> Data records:
>>
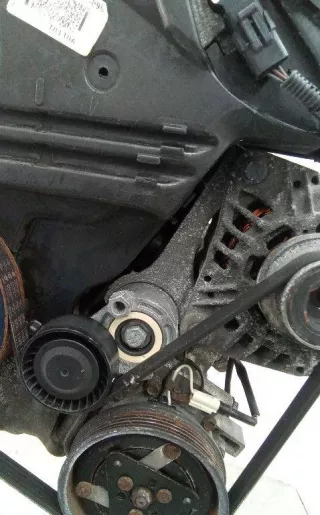 Кронштейн генератора Renault Clio 2 2003г.  - Фото 2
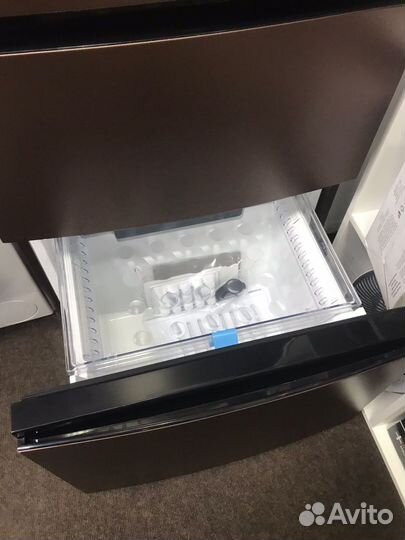 Холодильник Haier a2f737clbg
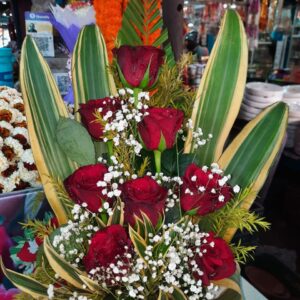 RED ROSES BASKETS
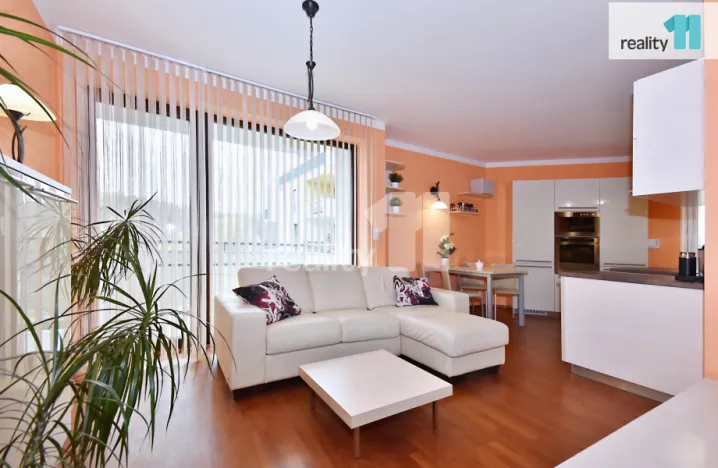 Prodej bytu 4+kk, Praha - Hloubětín, Nademlejnská, 93 m2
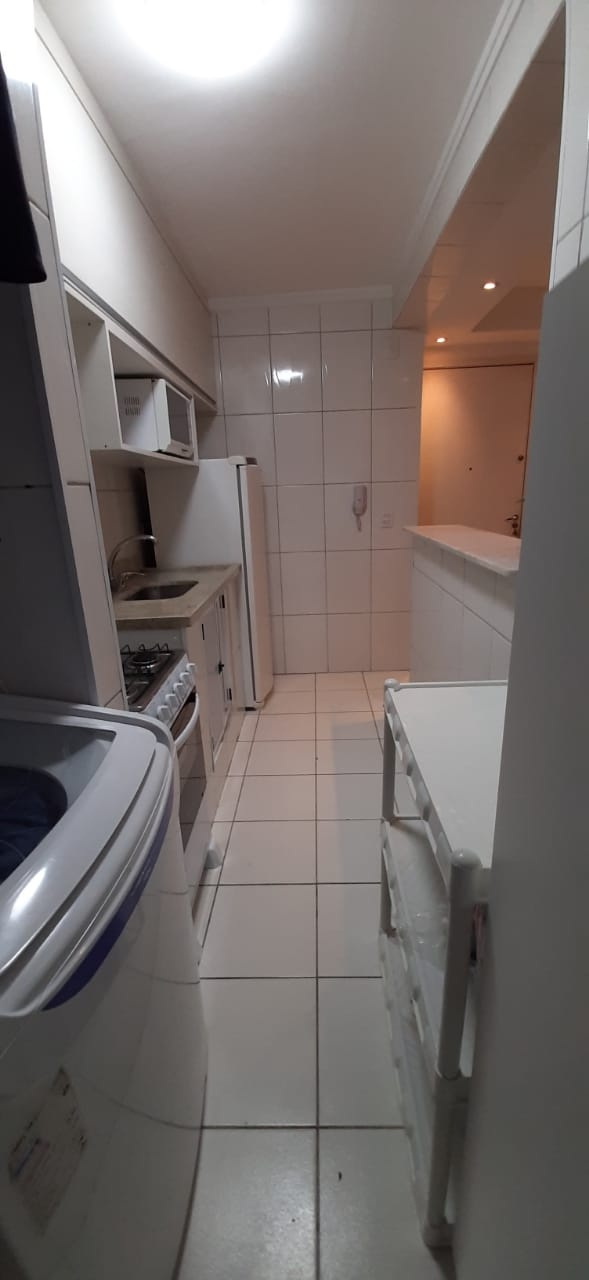 Apartamento à venda com 2 quartos, 44m² - Foto 2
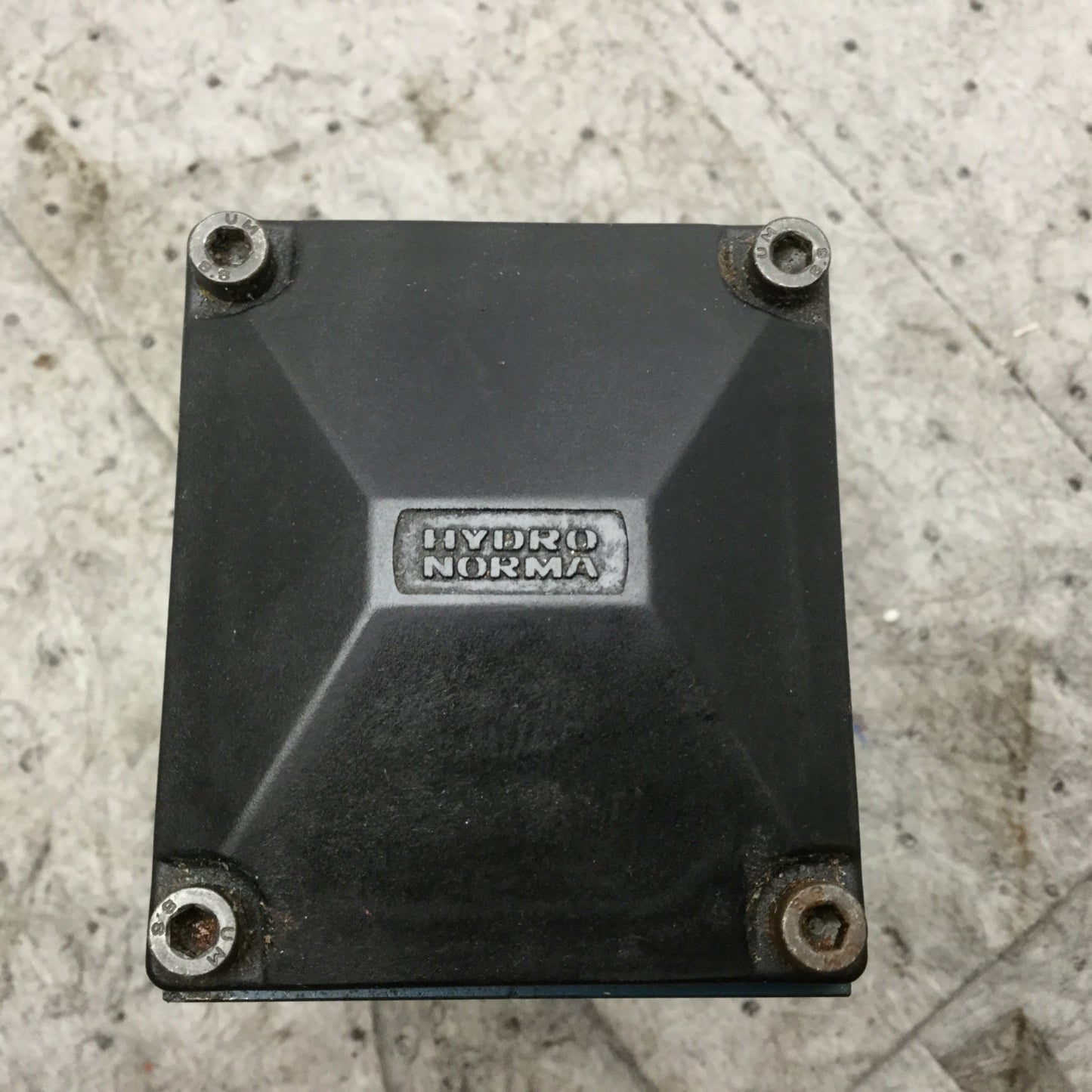 Used ARBURG Bosch 5-4WE 10 D32/CG24N9K4 SO301 Directional Control Spool Valve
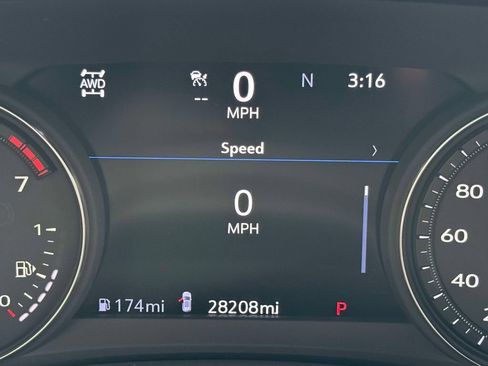 Used 2019 Cadillac XT4 Premium Luxury AWD/4WD image 5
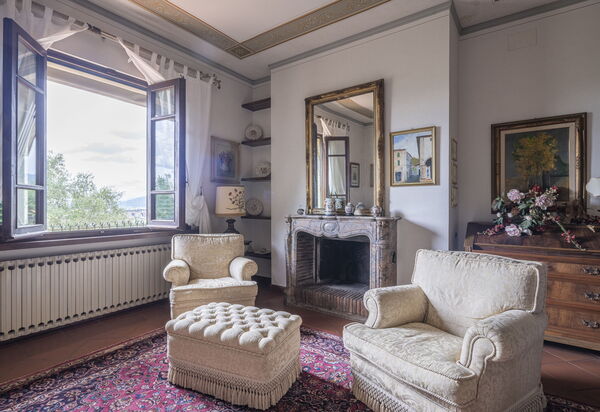 Villa Golly: Autunno, Estate, Primavera, Soggiorno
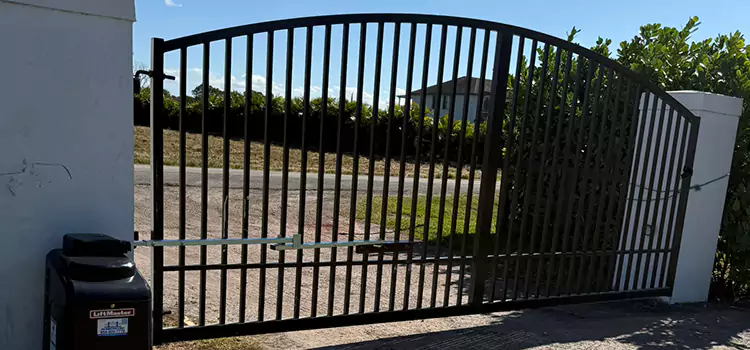 Driveway Fence Repair Addison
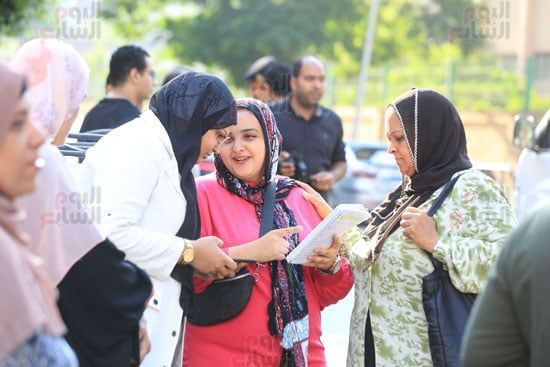813 ألف طالب بالثانوية العامة يبدأون امتحان اللغة العربية للعام 2025.. صور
<<
> Task item: The answer must be the data above, repeated exactly, with no pictures.

> Problem solution:
 Кронштейн генератора Renault Clio 2 2003г.  - Фото 2
 Холодильник Haier a2f737clbg
 RED ROSES BASKETS
 Prodej bytu 4+kk, Praha - Hloubětín, Nademlejnská, 93 m2
 Apartamento à venda com 2 quartos, 44m² - Foto 2
 Used ARBURG Bosch 5-4WE 10 D32/CG24N9K4 SO301 Directional Control Spool Valve
 Used 2019 Cadillac XT4 Premium Luxury AWD/4WD image 5
 Villa Golly: Autunno, Estate, Primavera, Soggiorno
 Driveway Fence Repair Addison
813 ألف طالب بالثانوية العامة يبدأون امتحان اللغة العربية للعام 2025.. صور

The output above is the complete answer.